Can you think of any other factors?
Let me know by sharing in the comment section below.
What is ramen?
It’s a Japanese noodle soup with yellow wheat noodles, mostly straight but sometimes wavy, and stock mostly made from pork bones, chicken or fish. It has Chinese origins and until the 1950s was called shina soba – Chinese soba noodles.
There are four main types of ramen stock:
- Shio (salt): believed to be the oldest form and made with chicken or fish stock. The broth is a clear yellow.
- Shoyu (soy): made from chicken stock it’s browner than shio and is often served with wavy noodles.

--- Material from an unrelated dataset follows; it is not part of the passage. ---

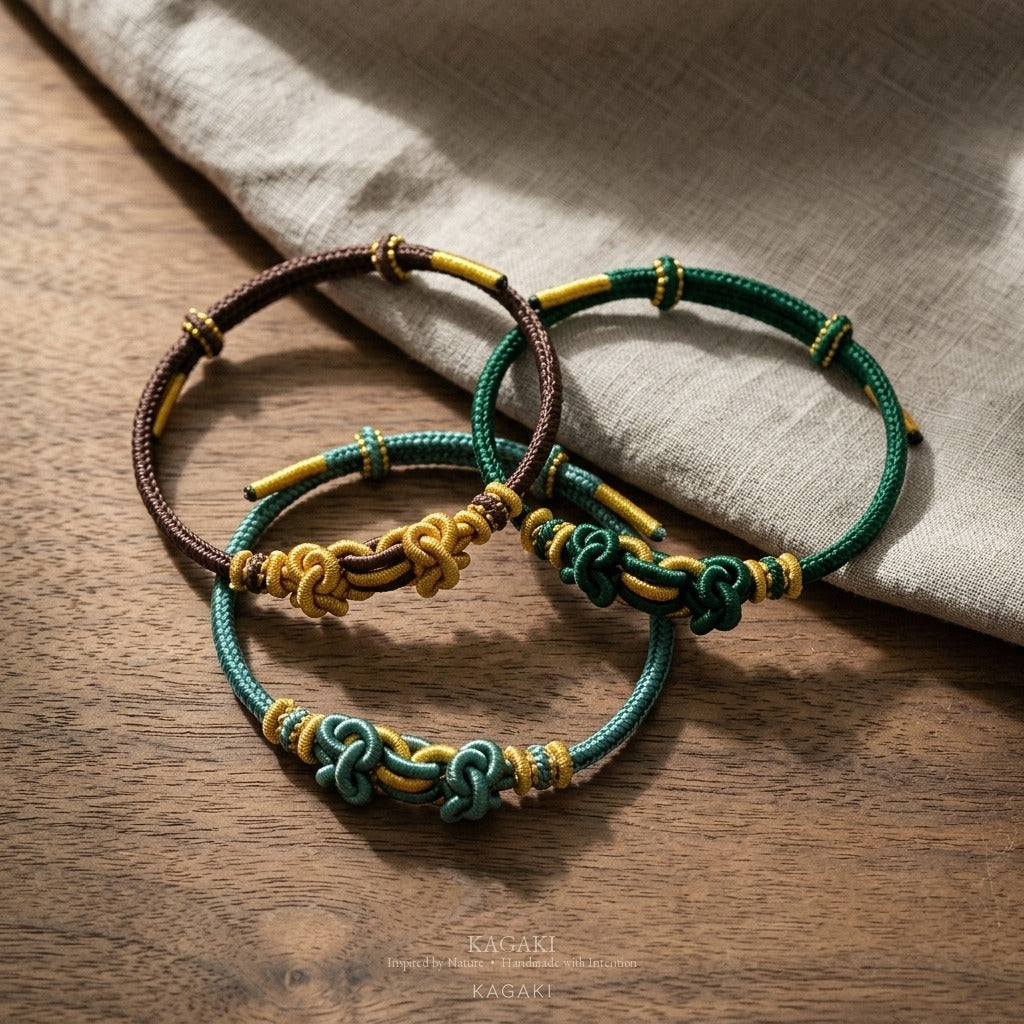 KAGAKI Palette multi-color adjustable braided cord lucky, product view, lucky bracelet gift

- Tonkotsu: made from cooking pork bones over high heat for many hours, the broth is closer to gravy consistency. It’s currently the most popular type in Sydney.
- Miso: a newer form made using chicken or fish stock, with umami-richness coming from miso.
What’s the best ramen in Sydney?
Here’s a list of some that have been mentioned as well as some newer shops for you to try:
Ryo’s Noodles (125 Falcon St, North Sydney): located in North Sydney, it’s one of the longest established and praised by ramen-addicts as the best in town.
Gumshara (Eating World, Chinatown): another strong contender and the favourite of food celebs. By far the thickest, most collagen rich broth.
Ippudo (Westfields, Sydney): one of the best known ramen chains in the world with shops in the US and rapidly expanding across Asia. See noodlies, Sydney food blog’s coverage of Ippudo’s Sydney launch below.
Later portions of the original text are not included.